Libosinfo is probably the bit we've had most success with, and has most promise for the future, particularly now that we formally allow apps to read the osinfo database directly and bypass the API. It is quite easy to fit into existing application codebases which helps alot. Even there I'm still disappointed that we only have GNOME Boxes using the kickstart generator part of osinfo - oVirt and Oz both still have their own kickstart generator code for automating OS installs.
In general though, I fear anything API based is going to be a really hard sell to get wide adoption for based on what we've seen before.
I think the biggest bang-for-buck is identifying more areas where we can turn code into data. There's definitely scope for recording more types of information in the osinfo database.

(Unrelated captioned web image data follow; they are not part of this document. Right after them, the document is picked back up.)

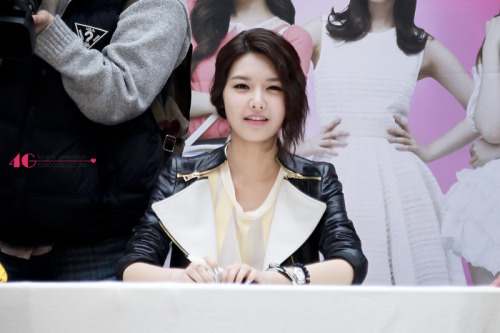 {Pic's} Sooyoung a Lotte Department Store Gran apertura del evento   Tumblr_m1ni60M4RX1qc9m5do1_500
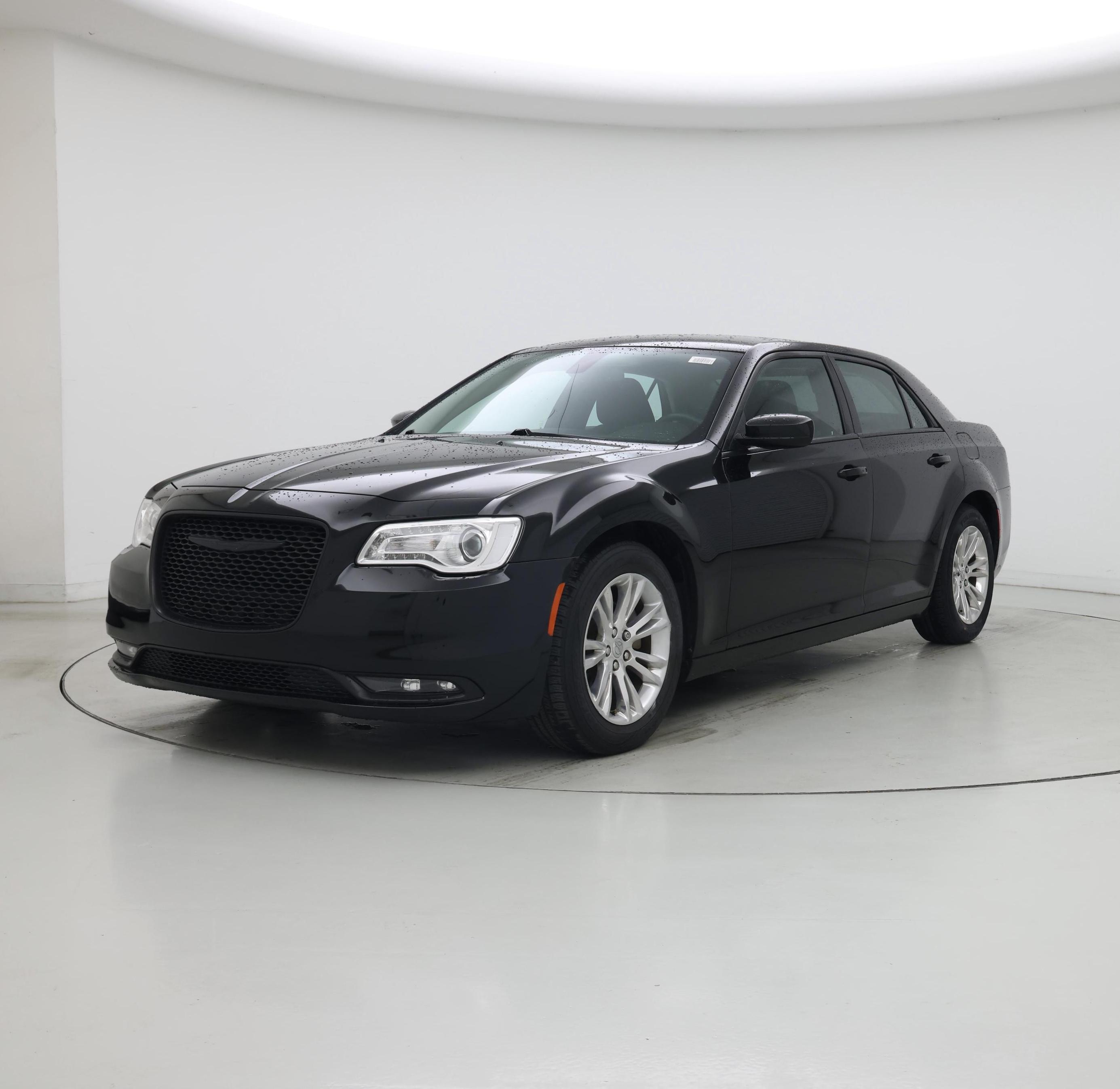 Thumbnail: 2021 Chrysler 300 - 4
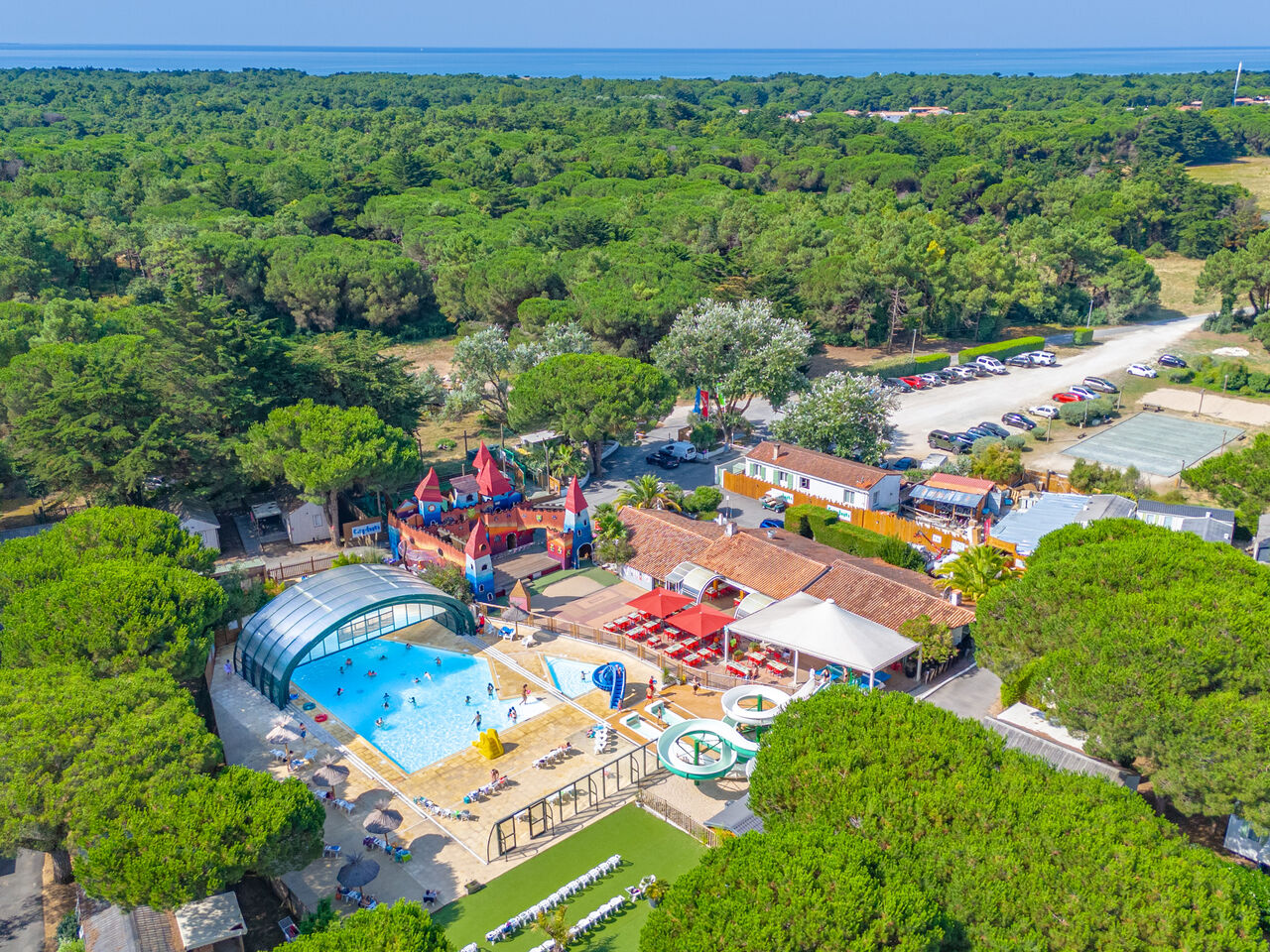 Overdekt zwembad, kinderkasteel, camping CAPFUN Bonne Etoile, BOIS PLAGE EN RE.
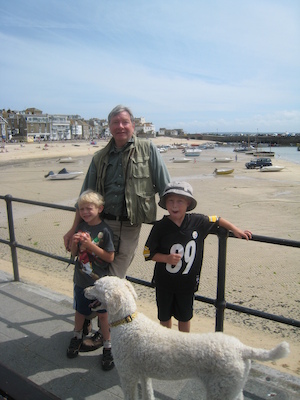 Cole, Granddad, Tim and Bazzle at St. Ives (07-11-2011 11:21)
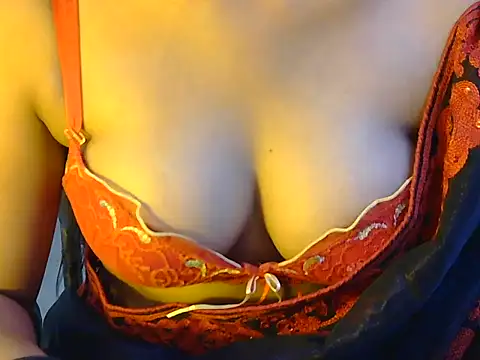 strip sunshine online show from May 13, 4:43 am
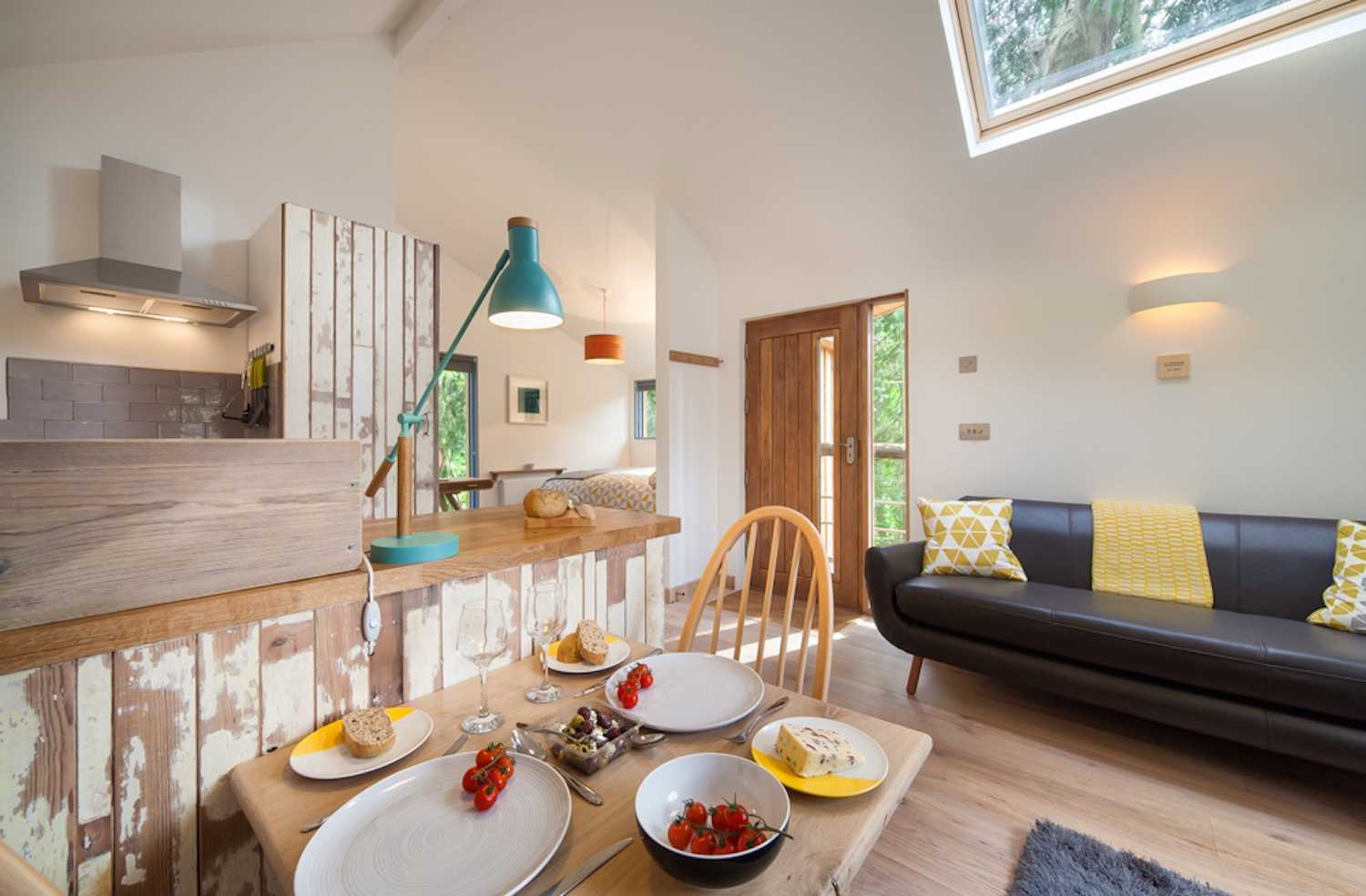 Крошечный деревянный дом-«скворечник» посреди леса в Англии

There might also be scope for defining entirely new databases to complement the osinfo data, if something looks out of scope for libosinfo.
This is probably the hardest part of creating higher level API on top of libvirt, not every project may be willing to rewrite their existing code. On the other hand, I know that for example Cockpit would benefit from the virtuned providing this functionality via REST API.
It's a chicken and egg problem, but if we can gather input from all the existing projects that have their own implementation and figure out how to make virtuned usable for all of them they might consider to start using it.